Cayley is mainly remembered for his pioneering studies and experiments with flying machines, including the working, piloted glider that he designed and built. He wrote a landmark three-part treatise titled "On Aerial Navigation" (1809–1810), which was published in Nicholson's Journal of Natural Philosophy, Chemistry and the Arts. The 2007 discovery of sketches in Cayley's school notebooks (held in the archive of the Royal Aeronautical Society Library) revealed that even at school Cayley was developing his ideas on the theories of flight. It has been claimed that these images indicate that Cayley identified the principle of a lift-generating inclined plane as early as 1792. To measure the drag on objects at different speeds and angles of attack, he later built a "whirling-arm apparatus", a development of earlier work in ballistics and air resistance.

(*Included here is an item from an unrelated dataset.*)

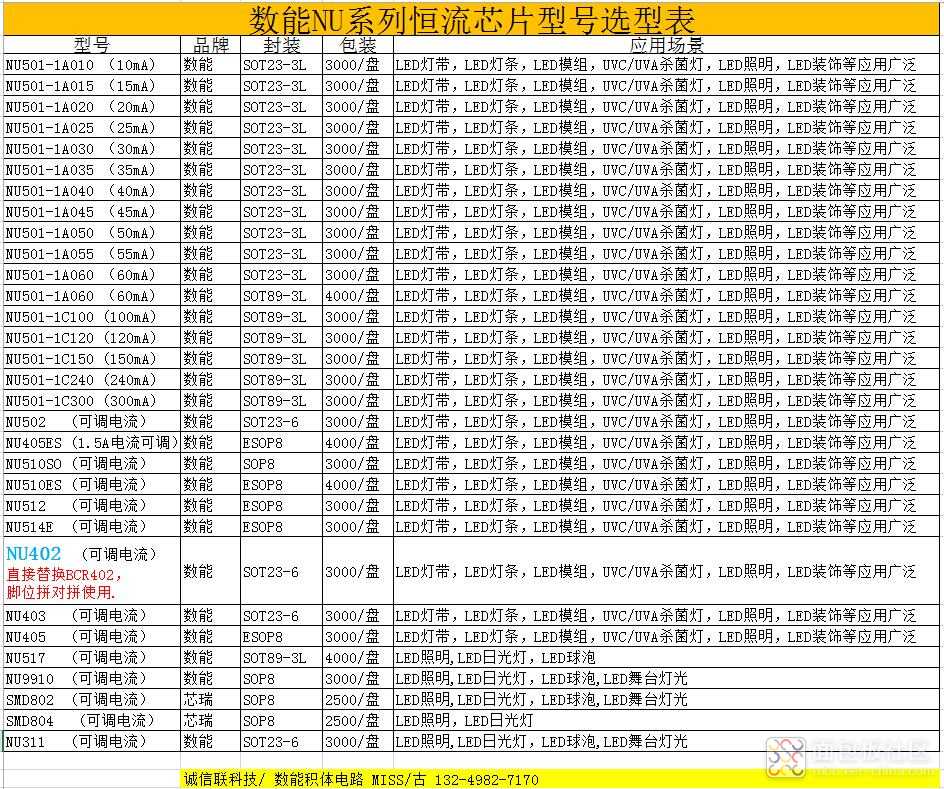 数能NU系列产品型号表.jpg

He also experimented with rotating wing sections of various forms in the stairwells at Brompton Hall.

"About 100 years ago, an Englishman, Sir George Cayley, carried the science of flight to a point which it had never reached before and which it scarcely reached again during the last century."
— — Wilbur Wright, 1909.

These scientific experiments led him to develop an efficient cambered airfoil and to identify the four vector forces that influence an aircraft: thrust, lift, drag and weight. He discovered the importance of the dihedral angle for lateral stability in flight, and deliberately set the centre of gravity of many of his models well below the wings for this reason; these principles influenced the development of hang gliders. As a result of his investigations into many other theoretical aspects of flight, many now acknowledge him as the first aeronautical engineer. His emphasis on lightness led him to invent a new method of constructing lightweight wheels which is in common use today. For his landing wheels, he shifted the spoke's forces from compression to tension by making them from tightly-stretched string, in effect "reinventing the wheel". Wire soon replaced the string in practical applications and over time the wire wheel came into common use on bicycles, cars, aeroplanes and many other vehicles.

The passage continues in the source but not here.